No matter how much driving experience you have, or what kind of weather you’re driving in, you should always remember this simple rule of thumb: Never drive faster than what is safe for the current conditions of the road.
Keeping that in mind, here are a few helpful hints for driving in less than desirable weather conditions.
Dense fog is statistically known as the most dangerous condition to drive in because of how intensely it can impair a driver’s vision of the road. The safest way to handle fog is not to drive in it, if possible. But, if you must drive, keep the following in mind:
- Do NOT use your high-beam headlights! Doing so will reflect light off the fog ahead of you, making it even harder to see. Instead, turn on your regular headlights, or, your fog lights, if you have them.
- Use the white line on the right side of the road. This will help guide you and keep you in your lane. It will also prevent your vision from being impaired by the headlights of oncoming traffic.
- Maintain a significant distance between you and the car in front of you. Give yourself plenty of time to stop abruptly, if necessary.
- Use your turn signals early. Give cars behind you plenty of notice that you’ll be slowing down to make a turn.
When driving in rain, good windshield wipers can be your best friend! If your windshield wipers are old and dull, they can really limit visibility, increasing your risk of getting into an accident.
- Give yourself plenty of time to stop. It takes longer to stop when driving in wet weather and the roads can be slick. You should also keep a good distance between you and the car in front of you – having to slam on your brakes can result in skidding.
- Turn on your headlights. They’ll not only help you see, but will make sure you’re visible to other drivers.

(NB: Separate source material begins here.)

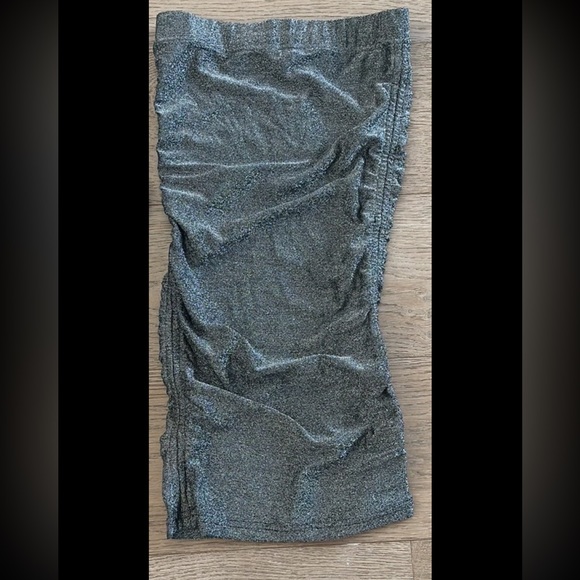 BB Dakota by Steve Madden Side Hustle Ruched Glitter Mock Neck Top & Skirt Set - Picture 4 of 8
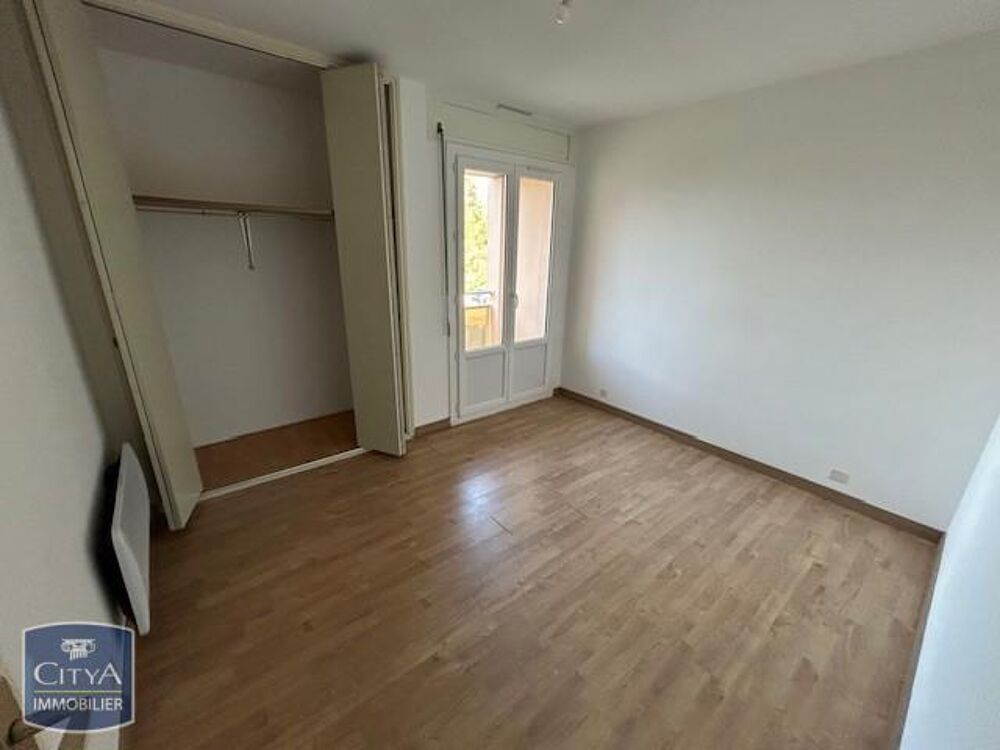 location Appartement - 4 pièce(s) - 75 m² Saint-Mandrier-sur-Mer (83430)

- Drive in the middle lanes. Water is more likely to pool on the outer edges of the road.
- Try and avoid puddles. Driving over puddles of water can cause your car to hydroplane out of control. It’s helpful to drive in the tracks of the car in front of you.
One of the most important things to remember when driving in snow is this: It’s probably going to take you twice as long to get where you’re going, so make sure you allow yourself plenty of time. The last thing you want to be doing is speeding on icy roads to get to your destination on time!
- Test out your brakes. Your car will perform differently in the snow than it would on a dry road. If you’re new to snow driving, it’s probably a good idea to practice braking in an empty parking lot so you can see how your car reacts to the amount of pressure you apply to the brake pedal.
- Take corners slowly. Give yourself plenty of time to slow down before turning. Taking a corner with too much speed can cause you to lose control of your vehicle.
- Accelerate gradually. Your tires are likely to spin in place if you try to accelerate too quickly.
- Beware of black ice! Black ice – a thin layer of transparent ice on a roadway – can cause your car to spin out and you can quickly lose control. Watch the road ahead of you, and try to avoid driving over areas that look slick.